The variation of band frequency revealed by the RAPD profile indicated a high level of genetic heterogeneity among the populations of I. cylindrica in Taiwan. The six populations were grouped into two clusters according to their genetic relationships. The first cluster included the populations from Chuwei, Sarlun, Penghu, and Kengting, located in various habitats along the coast of the island. The population of Sarlun is found on the seashore; the Chuwei population is located in the estuary of the Tamshui river. The Chuwei and Sarlun populations grow in areas of high salinity. Severe drought or flooding makes them different from the population of Nankang. Salt stress may be thought of as the principal driving force enhancing population divergence. The Penghu and Kengting populations suffer from drought stress. The amount of annual precipitation on the islet of Penghu is relatively low (964 mm) and is concentrated in the summer season. The islet also receives high light intensity and strong wind, resulting in the plants growing short. At Kengting, there is a dry season for five months from November to March; however, suffcient precipitation and moderate weather

provide better conditions for plant growth in the rest of the year. Thus, the growth of grass in the Kengting area is not significantly different from that of Hoshe. Nevertheless, the roles of these markers in the adaptation mechanism of I. cylindrica to various environmental regimes needs to be further studied.

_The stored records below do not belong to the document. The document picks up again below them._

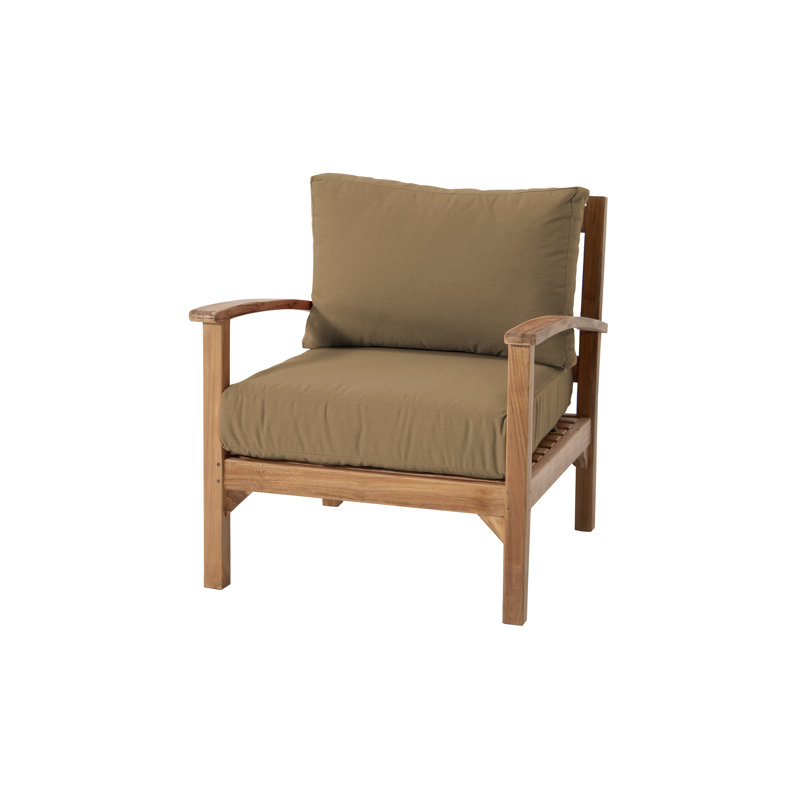 Huntington Teak Outdoor Lounge Chair , Sunbrella® Cushions Included, Cocoa
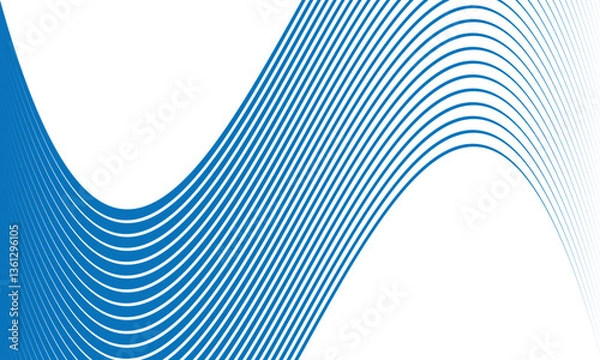 Fototapeta abstract blue thin to thick flowing flag line pattern suitable for background.
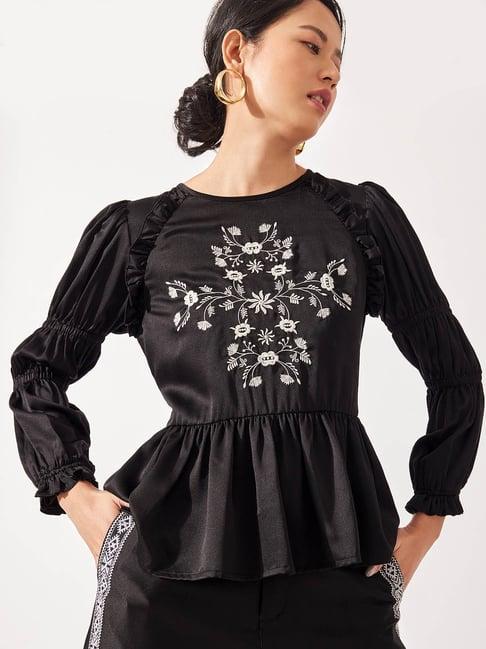 the label life black embroidered peplum top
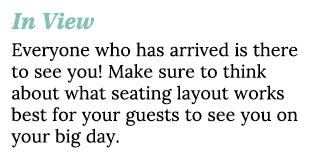 In View Everyone who has arrived is there to see you! Make sure to think about what seating layout works best for you...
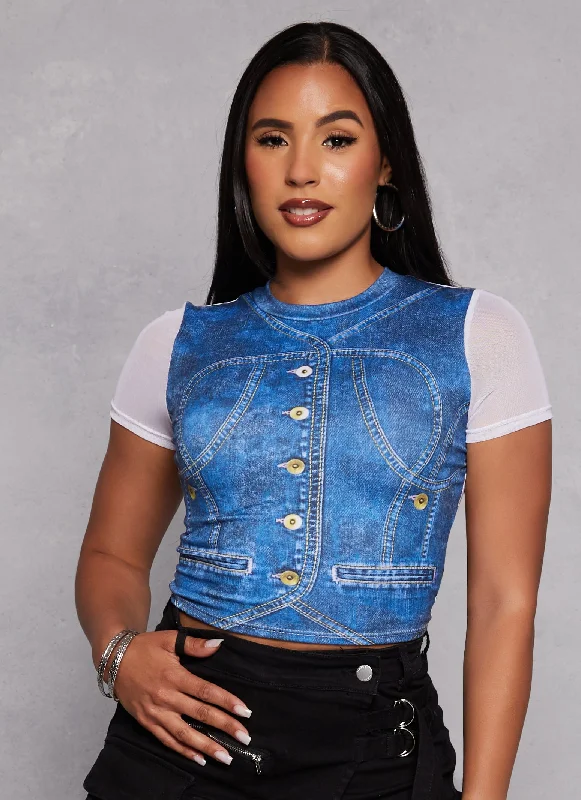 Denim Printed Mesh Crop Top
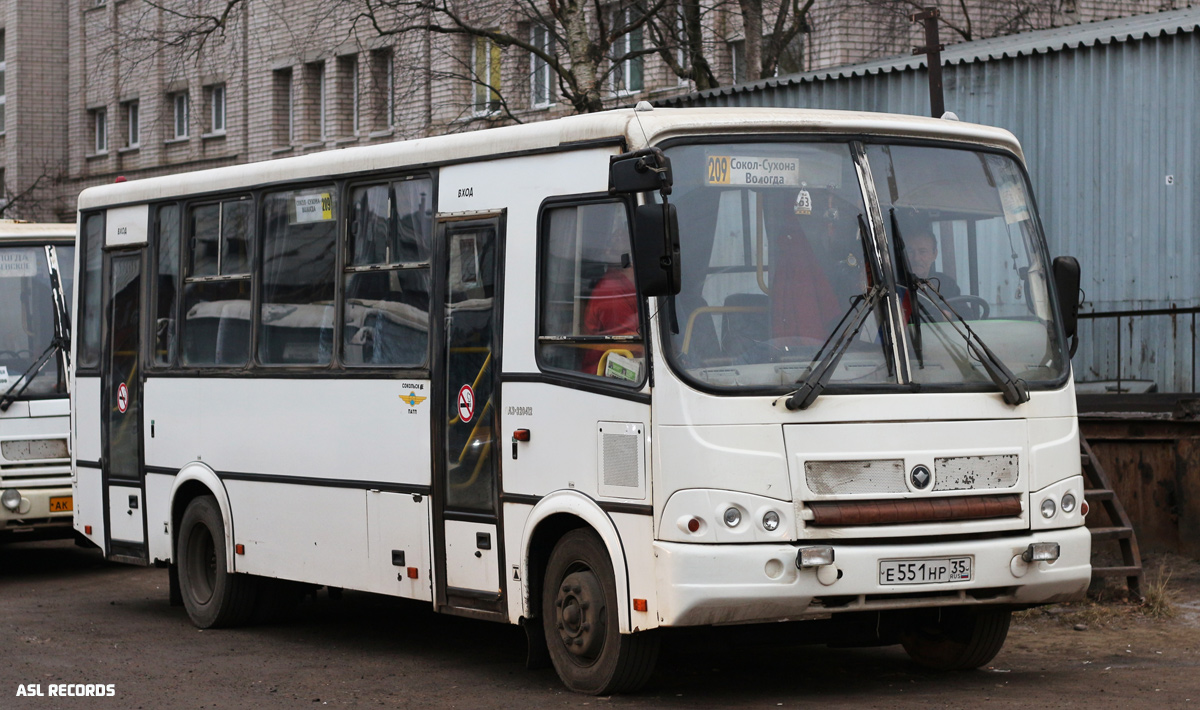 Вологодская область, ПАЗ-320412-05 № Е 551 НР 35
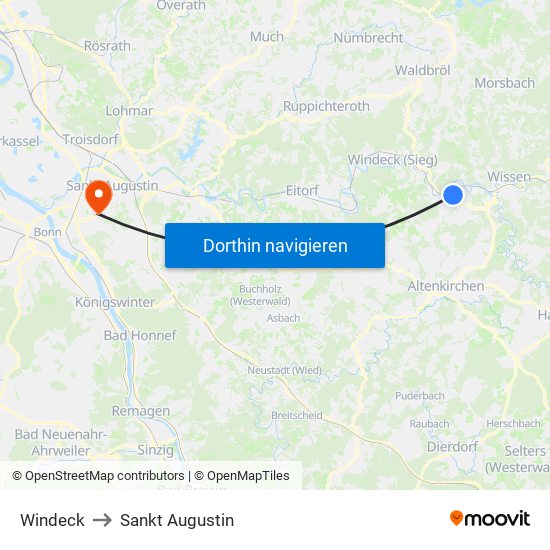 Windeck to Sankt Augustin map
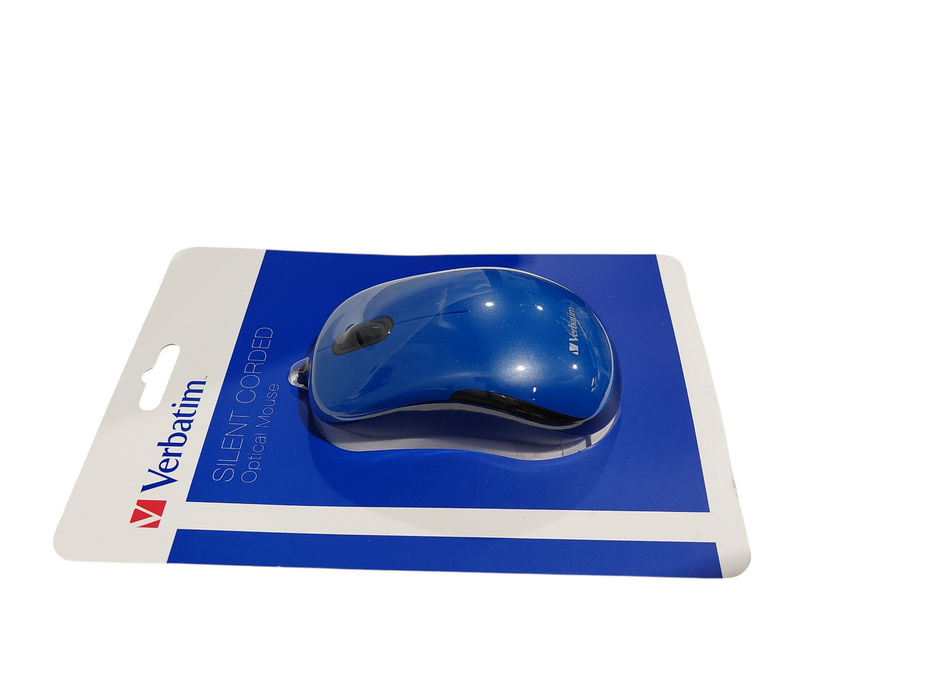 Verbatim Silent Corded Optical Mouse Blue ( New )  =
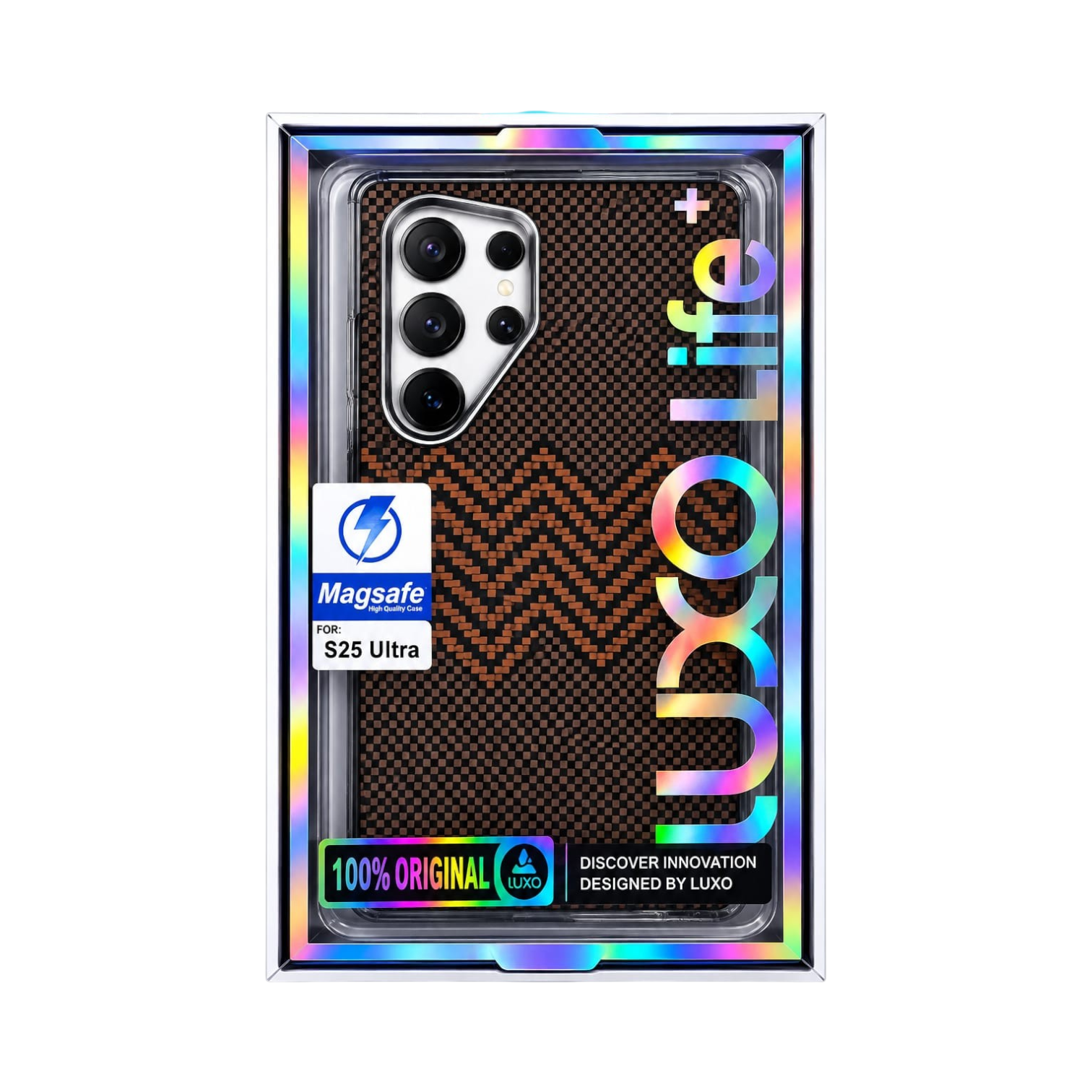 OBtech Luco Life Samsung Galaxy S25 Ultra case with a brown carbon-fiber texture and integrated MagSafe technology.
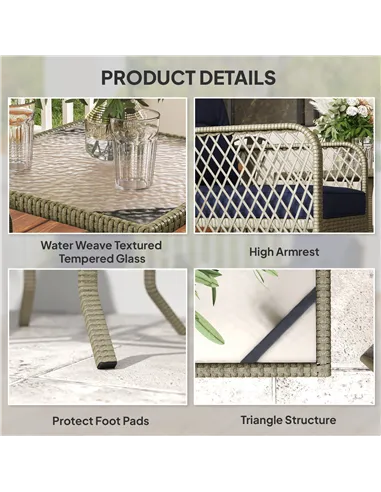 Outsunny 3 Pieces Rattan Bistro Set with Glass Top Coffee Table, Chairs and Cushions for Outdoor, Patio, Balcony, Charcoal Grey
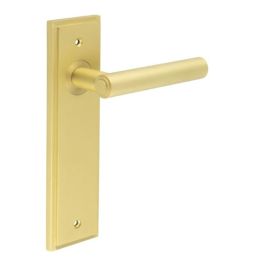 Richmond Door Handle Latch Backplate Satin Brass - By Frelan Hardware - BUR45KIT242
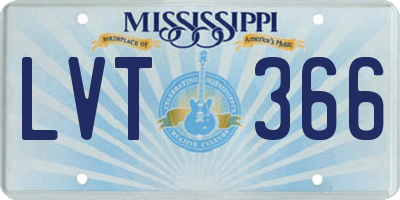 MS license plate LVT366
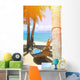 Hammock on the tropical white beach Wall Decal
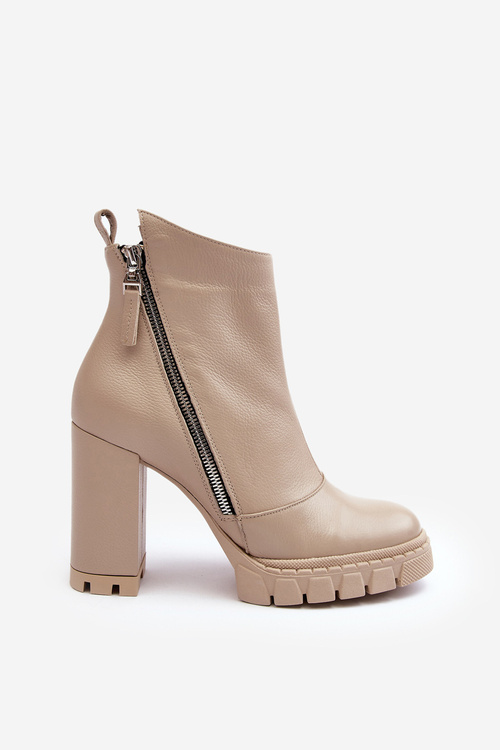 Стильні шкіряні чоботи на підборах Laura Messi 2509 Світло-бежеві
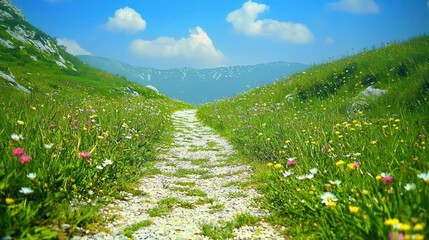 Serene Mountain Path Through Wildflowers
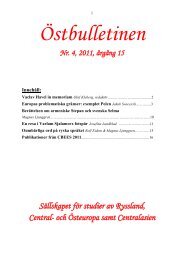 Nr 4, december 2011 - Sällskapet för studier av Ryssland, Central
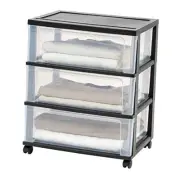 USA 3 Drawer Wide Storage Drawer Cart with Caster Wheels, Plastic Rolling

Acknowledgement. The authors would like to express their hearty thanks to Prof. C. S. Shieh, the Department of Agronomy, National Taiwan University for valuable suggestions and technical help in the the course of this study. This study was supported by grants to C. H. Chou from the Academia Sinica, Taipei, and the National Science Council of the ROC (NSC 82-0211-B-001-053 and NSC 83-0211-B-001-068).